The generator is trained using the Policy Gradients method to optimize its parameters by maximizing the cumulative reward. This reward includes feedback from the discriminator and domain-specific objective functions predefined based on task requirements. In this study, solubility and molecular docking score serve as the objective functions, which are linearly combined with specified weights. This approach guides the generator to produce samples meeting these specific objectives.
The discriminator is trained using adversarial loss to differentiate between real and fake data generated by the generator. It also undergoes classification loss training, specifically referring to the classification loss calculated for multi-class tokens in SMILES sequences. This dual training approach enables the discriminator to distinguish between "real" and "fake" data and classify real data, enhancing its ability to evaluate generated samples. Additionally, the discriminator employs convolutional layers to extract features from sequences and compare the generated and real sequences at the feature level, ensuring that the generated data aligns with real data statistically.
During adversarial training, the generator is updated for every 64 sequences (for solubility as the objective) or 32 sequences (for affinity as the objective), using strategic sample batches to improve discriminative accuracy and generator efficiency.
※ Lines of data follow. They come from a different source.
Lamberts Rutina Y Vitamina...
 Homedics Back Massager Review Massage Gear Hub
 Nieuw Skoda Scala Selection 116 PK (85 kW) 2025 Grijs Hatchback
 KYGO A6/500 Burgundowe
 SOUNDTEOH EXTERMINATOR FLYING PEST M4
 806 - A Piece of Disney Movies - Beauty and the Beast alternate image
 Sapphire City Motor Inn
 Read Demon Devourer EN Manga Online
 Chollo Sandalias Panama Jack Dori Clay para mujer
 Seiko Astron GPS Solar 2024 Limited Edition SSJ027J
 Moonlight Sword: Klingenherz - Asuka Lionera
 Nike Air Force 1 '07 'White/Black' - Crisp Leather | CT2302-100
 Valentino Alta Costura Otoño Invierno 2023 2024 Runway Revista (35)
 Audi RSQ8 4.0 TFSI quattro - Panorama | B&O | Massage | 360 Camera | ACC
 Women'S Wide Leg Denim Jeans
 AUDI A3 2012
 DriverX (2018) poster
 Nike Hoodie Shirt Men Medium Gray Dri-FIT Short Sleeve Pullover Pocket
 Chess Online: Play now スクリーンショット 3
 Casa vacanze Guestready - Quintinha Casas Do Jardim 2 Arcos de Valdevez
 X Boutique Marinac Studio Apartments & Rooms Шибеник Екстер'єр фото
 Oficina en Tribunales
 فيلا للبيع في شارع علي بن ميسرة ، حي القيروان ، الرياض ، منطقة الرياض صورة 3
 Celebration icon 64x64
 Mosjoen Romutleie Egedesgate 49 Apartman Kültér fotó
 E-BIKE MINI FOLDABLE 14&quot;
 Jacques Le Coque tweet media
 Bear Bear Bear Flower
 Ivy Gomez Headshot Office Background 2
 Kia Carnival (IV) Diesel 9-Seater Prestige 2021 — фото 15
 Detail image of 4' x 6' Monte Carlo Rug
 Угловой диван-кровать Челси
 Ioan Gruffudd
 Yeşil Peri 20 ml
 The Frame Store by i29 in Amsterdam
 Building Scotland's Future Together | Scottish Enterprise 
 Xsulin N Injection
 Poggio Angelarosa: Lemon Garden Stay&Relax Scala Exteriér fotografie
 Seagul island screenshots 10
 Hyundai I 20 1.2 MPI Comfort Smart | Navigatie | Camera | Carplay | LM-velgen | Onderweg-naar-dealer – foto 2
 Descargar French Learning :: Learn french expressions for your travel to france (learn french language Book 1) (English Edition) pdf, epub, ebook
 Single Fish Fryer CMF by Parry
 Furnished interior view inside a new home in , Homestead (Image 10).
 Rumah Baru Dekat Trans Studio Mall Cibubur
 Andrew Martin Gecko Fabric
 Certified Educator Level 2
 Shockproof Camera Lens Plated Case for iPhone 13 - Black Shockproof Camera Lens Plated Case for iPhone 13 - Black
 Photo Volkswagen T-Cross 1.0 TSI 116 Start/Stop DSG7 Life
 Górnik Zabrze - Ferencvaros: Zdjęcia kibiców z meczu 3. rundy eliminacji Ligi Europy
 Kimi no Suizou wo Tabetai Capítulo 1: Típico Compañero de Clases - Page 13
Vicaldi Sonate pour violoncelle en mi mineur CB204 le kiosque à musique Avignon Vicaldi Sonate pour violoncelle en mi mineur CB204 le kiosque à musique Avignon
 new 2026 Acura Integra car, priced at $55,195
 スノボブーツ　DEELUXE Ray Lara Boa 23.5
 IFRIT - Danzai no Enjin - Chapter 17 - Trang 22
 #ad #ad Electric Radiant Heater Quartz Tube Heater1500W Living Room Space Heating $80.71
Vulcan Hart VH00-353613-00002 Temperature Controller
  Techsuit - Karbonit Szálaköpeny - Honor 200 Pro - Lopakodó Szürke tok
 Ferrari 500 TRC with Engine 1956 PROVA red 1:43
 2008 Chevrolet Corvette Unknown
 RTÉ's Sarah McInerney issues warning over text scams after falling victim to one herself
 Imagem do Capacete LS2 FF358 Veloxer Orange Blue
Discriminator adjustments are aligned with generator settings, balancing batches of "fake" and "real" samples for training, with a termination criterion based on epochal loss plateau. A consistent learning rate of 0.0001 is applied across all training sessions, leveraging the Adam optimizer for its reliability and performance efficiency.
In molecular generation tasks, where molecular sequences are discrete data and the sampling process is non-differentiable, the generator is optimized using the policy gradient method.